YOUR TASK
Leaving out the pictures, return each line of the entries from the first through the line with "Collier de perle", and only those lines.

EXTRACTED DATA
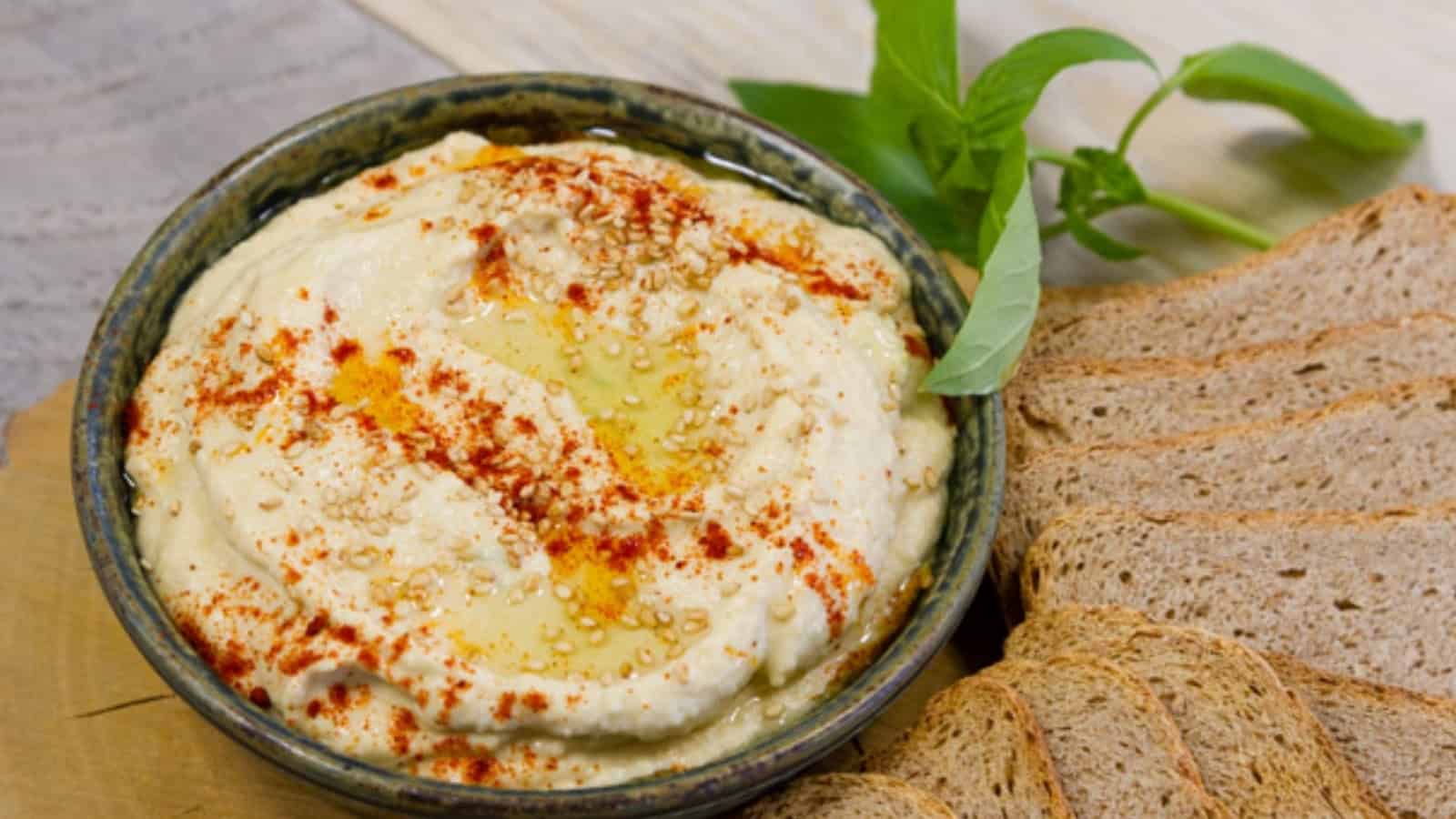 A bowl of hummus with paprika and oil, garnished with sesame seeds, beside sliced brown bread and basil.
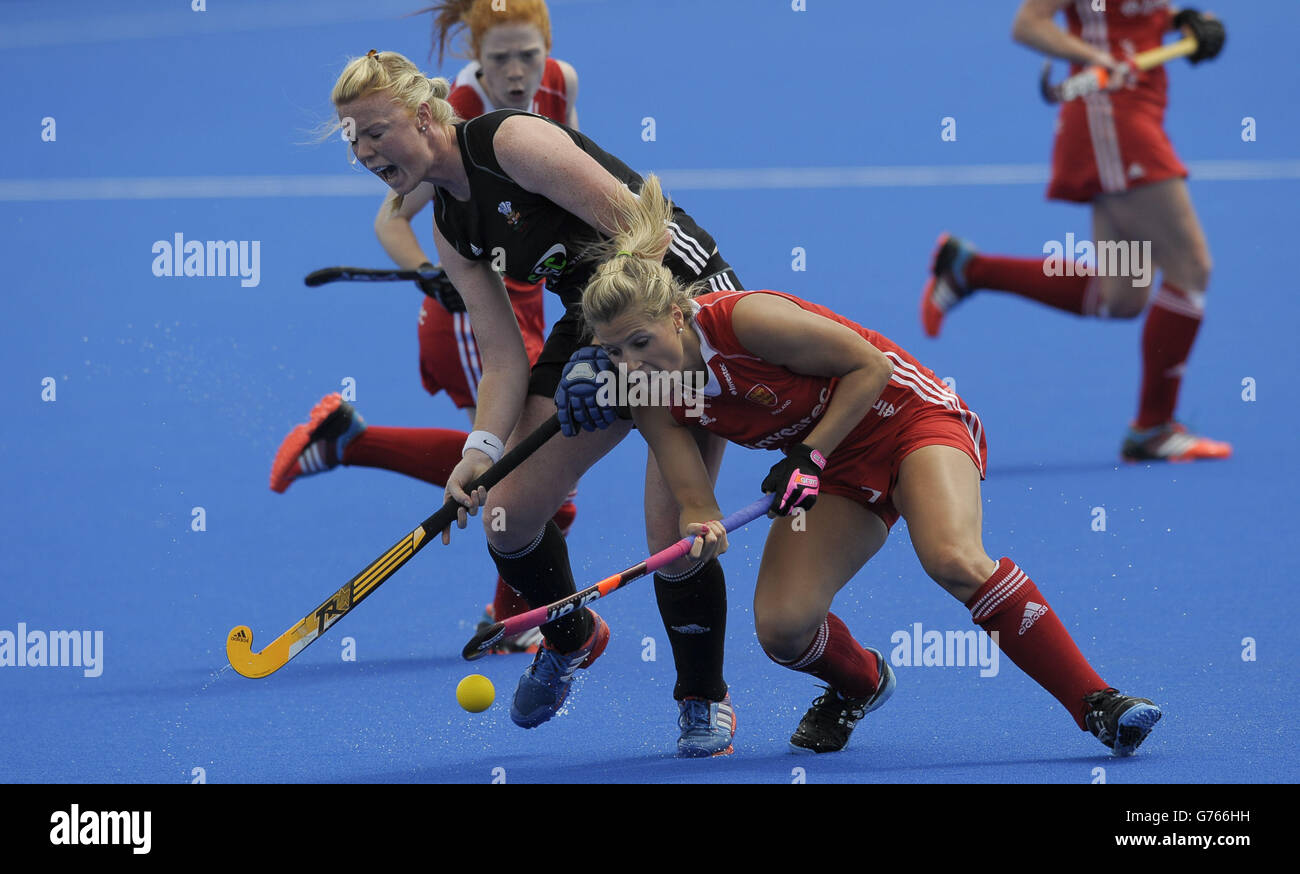 England's Georgie Twigg is challenged by Wales' Elie Mumford during the London Cup at the Lee Valley Hockey and Tennis Centre, Queen Elizabeth Park, Stratford. Stock Photo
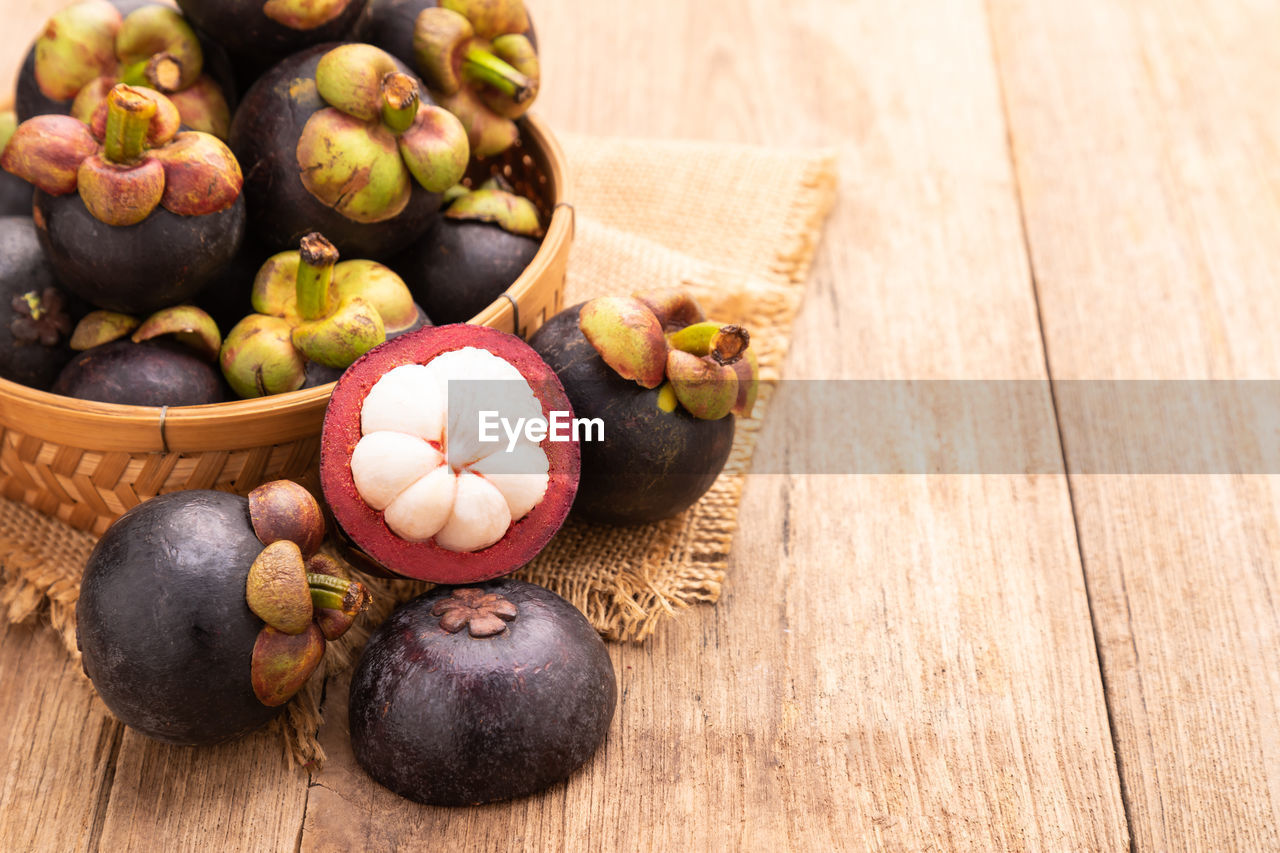 food and drink, food, healthy eating, freshness, wellbeing, fruit, wood, produce, no people, still life, plant, variation, table, studio shot, high angle view, indoors, organic, vegetable, nature, bowl, rustic, agriculture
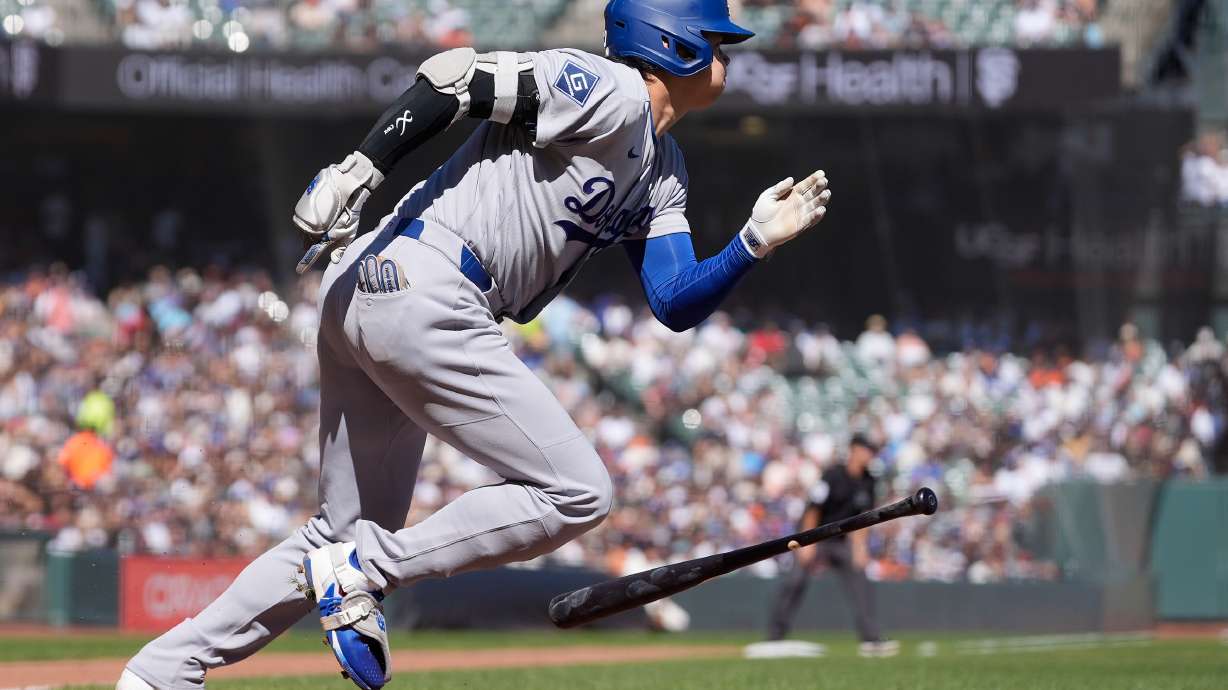 Los Angeles Dodgers designated hitter Shohei Ohtani runs to first base after hitting a single during the fifth inning of a baseball game against the San Francisco Giants, Saturday, Sept. 26, 2026, in San Francisco.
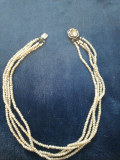 
															Collier de perle
														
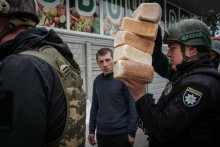 Policajti rozvážajú bochníky chleba pre obyvateľov, ktorí sa zdržiavajú vo východnom ukrajinskom meste Lyman, ktoré bolo silne ostreľované. FOTO: Profimedia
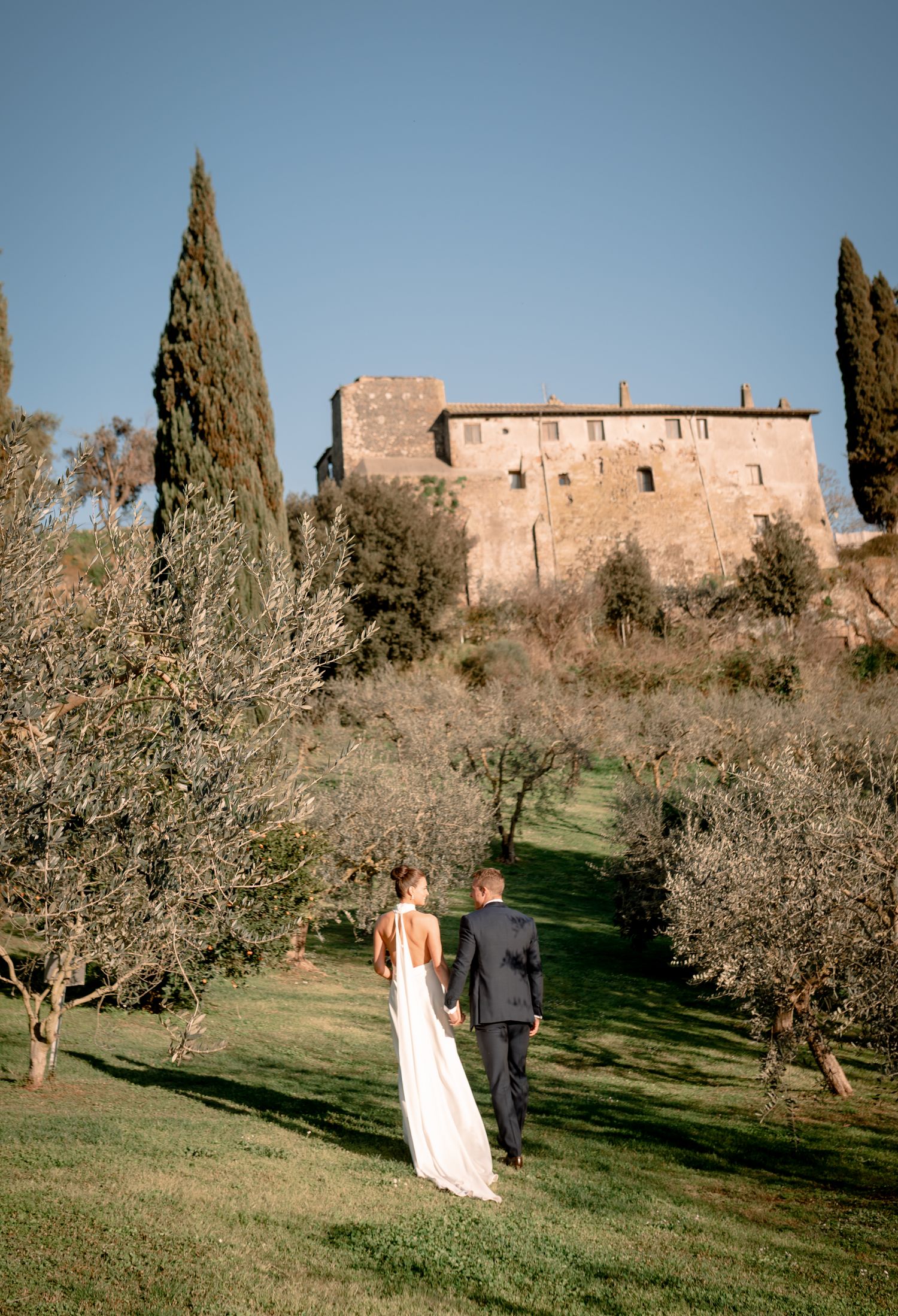 Bride and groom walk through olive grove toward historic stone Tuscan castle under clear blue sky.
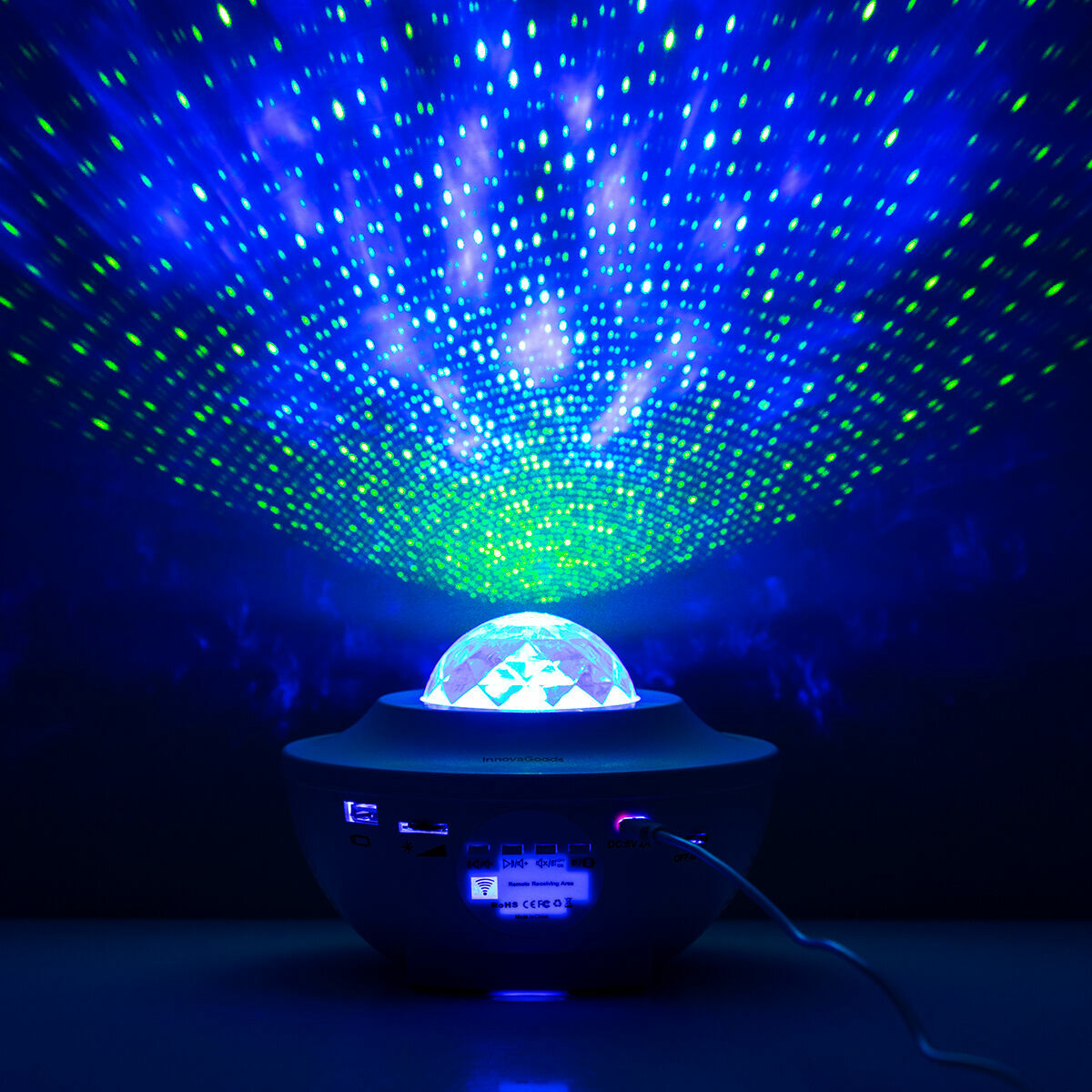 Ein leuchtender Galaxie-Projektor mit blauen und grünen Lichtern in dunkler Umgebung.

RESPONSE TO THIS EXERCISE
 A bowl of hummus with paprika and oil, garnished with sesame seeds, beside sliced brown bread and basil.
 England's Georgie Twigg is challenged by Wales' Elie Mumford during the London Cup at the Lee Valley Hockey and Tennis Centre, Queen Elizabeth Park, Stratford. Stock Photo
 food and drink, food, healthy eating, freshness, wellbeing, fruit, wood, produce, no people, still life, plant, variation, table, studio shot, high angle view, indoors, organic, vegetable, nature, bowl, rustic, agriculture
 Los Angeles Dodgers designated hitter Shohei Ohtani runs to first base after hitting a single during the fifth inning of a baseball game against the San Francisco Giants, Saturday, Sept. 26, 2026, in San Francisco.
															Collier de perle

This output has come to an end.